Buckley’s laboratory is currently focused on improving clinical outcomes in pediatric patients at high-risk for brain injury. Her lab studies the brain using two novel optical techniques known as diffuse correlation spectroscopy (DCS) and frequency domain near-infrared spectroscopy (FDNIRS). When combined, these non-invasive optical techniques can be used to quantify cerebral oxygenation, blood volume, blood flow, and oxygen metabolism.
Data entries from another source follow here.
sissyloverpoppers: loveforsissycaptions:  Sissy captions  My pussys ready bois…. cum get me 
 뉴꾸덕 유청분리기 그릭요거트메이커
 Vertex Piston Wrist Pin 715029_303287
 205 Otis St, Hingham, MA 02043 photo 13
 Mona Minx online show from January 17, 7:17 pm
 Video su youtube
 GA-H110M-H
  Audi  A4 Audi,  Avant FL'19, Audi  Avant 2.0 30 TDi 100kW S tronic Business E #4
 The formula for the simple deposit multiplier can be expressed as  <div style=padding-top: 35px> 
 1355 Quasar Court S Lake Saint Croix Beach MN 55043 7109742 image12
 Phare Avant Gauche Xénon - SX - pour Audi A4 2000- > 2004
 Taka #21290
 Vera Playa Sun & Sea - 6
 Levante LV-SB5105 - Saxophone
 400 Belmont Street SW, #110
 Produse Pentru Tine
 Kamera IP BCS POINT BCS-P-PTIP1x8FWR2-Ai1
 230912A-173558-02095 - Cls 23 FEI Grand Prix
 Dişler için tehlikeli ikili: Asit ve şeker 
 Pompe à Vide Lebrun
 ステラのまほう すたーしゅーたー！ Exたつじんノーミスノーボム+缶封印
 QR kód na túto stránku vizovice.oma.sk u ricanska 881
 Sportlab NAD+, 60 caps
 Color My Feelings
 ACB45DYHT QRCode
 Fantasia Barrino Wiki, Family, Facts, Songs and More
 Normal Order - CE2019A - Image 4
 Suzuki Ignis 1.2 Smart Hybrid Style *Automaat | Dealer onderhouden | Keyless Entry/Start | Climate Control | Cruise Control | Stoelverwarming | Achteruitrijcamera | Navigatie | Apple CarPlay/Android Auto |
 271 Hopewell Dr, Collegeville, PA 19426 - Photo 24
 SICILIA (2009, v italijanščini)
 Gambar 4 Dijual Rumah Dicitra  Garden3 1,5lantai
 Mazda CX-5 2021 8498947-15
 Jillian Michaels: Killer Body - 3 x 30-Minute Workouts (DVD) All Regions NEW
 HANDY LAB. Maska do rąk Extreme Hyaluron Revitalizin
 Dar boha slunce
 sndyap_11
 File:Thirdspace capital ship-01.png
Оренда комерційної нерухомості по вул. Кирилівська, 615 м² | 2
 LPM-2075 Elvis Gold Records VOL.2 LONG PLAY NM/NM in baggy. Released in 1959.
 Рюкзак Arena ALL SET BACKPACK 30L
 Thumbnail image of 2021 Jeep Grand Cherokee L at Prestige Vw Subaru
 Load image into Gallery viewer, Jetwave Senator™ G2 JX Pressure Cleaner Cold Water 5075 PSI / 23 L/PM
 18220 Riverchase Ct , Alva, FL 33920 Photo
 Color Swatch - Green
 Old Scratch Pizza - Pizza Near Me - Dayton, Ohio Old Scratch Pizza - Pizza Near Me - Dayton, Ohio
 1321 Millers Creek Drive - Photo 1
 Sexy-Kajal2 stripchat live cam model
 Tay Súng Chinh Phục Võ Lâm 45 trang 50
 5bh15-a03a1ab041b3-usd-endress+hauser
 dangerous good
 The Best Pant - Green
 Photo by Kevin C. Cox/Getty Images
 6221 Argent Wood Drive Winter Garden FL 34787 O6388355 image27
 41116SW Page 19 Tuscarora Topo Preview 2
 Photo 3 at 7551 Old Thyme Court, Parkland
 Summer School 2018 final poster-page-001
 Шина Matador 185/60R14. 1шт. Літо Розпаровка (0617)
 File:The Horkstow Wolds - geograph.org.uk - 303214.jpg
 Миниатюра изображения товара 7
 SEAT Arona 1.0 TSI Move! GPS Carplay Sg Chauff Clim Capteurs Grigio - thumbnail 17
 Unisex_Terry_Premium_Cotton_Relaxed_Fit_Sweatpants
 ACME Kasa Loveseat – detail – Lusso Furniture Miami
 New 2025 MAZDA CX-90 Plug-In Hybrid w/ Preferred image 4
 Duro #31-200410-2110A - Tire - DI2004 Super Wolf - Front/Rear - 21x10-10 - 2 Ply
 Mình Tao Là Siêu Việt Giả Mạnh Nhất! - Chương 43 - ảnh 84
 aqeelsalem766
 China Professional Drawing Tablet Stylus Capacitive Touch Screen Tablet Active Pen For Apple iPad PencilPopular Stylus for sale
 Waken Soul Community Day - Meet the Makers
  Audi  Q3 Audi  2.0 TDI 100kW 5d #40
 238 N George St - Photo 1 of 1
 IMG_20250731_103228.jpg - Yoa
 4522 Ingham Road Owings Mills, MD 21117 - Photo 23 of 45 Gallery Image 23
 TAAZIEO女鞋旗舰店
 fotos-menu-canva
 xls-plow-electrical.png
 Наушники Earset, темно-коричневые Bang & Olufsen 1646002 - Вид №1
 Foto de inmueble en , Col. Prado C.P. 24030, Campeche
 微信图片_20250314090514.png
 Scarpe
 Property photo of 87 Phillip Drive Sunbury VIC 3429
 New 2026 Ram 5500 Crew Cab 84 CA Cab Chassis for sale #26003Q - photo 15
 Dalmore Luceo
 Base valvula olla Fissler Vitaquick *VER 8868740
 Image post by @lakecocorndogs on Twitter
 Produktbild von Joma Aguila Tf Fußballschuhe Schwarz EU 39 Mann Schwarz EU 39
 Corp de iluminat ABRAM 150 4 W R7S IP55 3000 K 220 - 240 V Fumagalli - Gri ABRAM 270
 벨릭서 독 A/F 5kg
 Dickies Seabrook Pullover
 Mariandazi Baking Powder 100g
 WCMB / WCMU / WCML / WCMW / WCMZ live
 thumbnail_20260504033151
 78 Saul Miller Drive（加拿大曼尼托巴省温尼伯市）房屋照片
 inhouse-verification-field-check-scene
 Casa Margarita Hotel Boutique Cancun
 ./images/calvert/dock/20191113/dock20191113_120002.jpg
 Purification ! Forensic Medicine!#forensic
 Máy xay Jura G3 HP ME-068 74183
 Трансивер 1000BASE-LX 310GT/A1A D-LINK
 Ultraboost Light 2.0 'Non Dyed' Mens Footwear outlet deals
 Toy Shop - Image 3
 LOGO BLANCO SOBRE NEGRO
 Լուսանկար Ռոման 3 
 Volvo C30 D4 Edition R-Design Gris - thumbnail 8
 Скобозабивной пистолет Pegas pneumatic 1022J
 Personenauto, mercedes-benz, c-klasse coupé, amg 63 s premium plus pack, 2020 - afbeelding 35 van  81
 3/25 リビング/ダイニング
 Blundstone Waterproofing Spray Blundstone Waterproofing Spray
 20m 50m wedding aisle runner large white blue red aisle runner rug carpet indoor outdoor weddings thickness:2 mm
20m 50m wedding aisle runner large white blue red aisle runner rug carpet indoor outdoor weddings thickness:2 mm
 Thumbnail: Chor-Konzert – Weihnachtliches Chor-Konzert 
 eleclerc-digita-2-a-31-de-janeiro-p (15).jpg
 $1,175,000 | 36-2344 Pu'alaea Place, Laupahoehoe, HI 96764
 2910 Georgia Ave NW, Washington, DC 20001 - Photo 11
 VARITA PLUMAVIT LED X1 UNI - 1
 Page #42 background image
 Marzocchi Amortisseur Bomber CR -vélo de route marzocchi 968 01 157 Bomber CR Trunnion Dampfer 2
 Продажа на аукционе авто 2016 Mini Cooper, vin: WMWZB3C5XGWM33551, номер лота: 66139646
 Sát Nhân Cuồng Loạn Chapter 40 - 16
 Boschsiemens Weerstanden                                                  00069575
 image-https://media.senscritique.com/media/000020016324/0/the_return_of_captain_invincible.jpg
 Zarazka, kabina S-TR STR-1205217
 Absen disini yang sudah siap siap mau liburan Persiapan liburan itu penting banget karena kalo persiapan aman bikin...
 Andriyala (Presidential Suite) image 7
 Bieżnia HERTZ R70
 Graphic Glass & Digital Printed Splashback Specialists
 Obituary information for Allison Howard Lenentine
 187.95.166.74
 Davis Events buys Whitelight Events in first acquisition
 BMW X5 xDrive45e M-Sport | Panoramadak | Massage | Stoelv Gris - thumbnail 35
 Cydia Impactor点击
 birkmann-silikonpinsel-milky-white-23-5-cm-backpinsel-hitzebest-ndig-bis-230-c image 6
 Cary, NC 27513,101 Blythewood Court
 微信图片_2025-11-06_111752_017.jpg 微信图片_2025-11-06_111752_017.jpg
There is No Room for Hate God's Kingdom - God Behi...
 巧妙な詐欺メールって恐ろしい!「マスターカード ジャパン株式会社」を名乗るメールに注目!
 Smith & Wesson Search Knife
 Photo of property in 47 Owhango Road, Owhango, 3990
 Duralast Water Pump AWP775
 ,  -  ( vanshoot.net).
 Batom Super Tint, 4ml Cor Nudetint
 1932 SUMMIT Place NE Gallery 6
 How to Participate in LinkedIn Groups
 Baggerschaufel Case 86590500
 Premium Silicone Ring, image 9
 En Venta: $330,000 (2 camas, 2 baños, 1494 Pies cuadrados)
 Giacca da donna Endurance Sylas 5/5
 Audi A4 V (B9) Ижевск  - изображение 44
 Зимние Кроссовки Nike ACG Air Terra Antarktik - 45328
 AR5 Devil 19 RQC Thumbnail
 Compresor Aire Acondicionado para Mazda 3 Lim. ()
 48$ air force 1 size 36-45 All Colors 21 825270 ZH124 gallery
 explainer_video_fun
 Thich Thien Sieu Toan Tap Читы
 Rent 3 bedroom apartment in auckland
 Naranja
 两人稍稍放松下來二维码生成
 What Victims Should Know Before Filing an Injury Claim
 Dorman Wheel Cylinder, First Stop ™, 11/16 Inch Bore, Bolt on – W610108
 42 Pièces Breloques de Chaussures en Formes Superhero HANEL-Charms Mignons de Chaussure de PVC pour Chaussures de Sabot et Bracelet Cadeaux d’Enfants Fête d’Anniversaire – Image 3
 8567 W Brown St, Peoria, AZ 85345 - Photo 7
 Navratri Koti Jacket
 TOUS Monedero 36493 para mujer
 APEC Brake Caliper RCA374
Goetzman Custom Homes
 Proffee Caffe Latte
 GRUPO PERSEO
In October, 2019, physicsworld, recognized her work to improve the assessment of cerebral blood flow in children with sickle cell disease using low-cost, non-invasive diffuse correlation spectroscopy (DCS). In Buckley’s view, DCS offers numerous other advantages over traditional neuroimaging modalities that measure brain blood flow. To begin with, she highlights the fact that the manufacturing cost of a DCS system – in the region of $40,000 for the system used in the study – is orders of magnitude lower in cost than positron emission tomography (PET) and magnetic resonance imaging (MRI).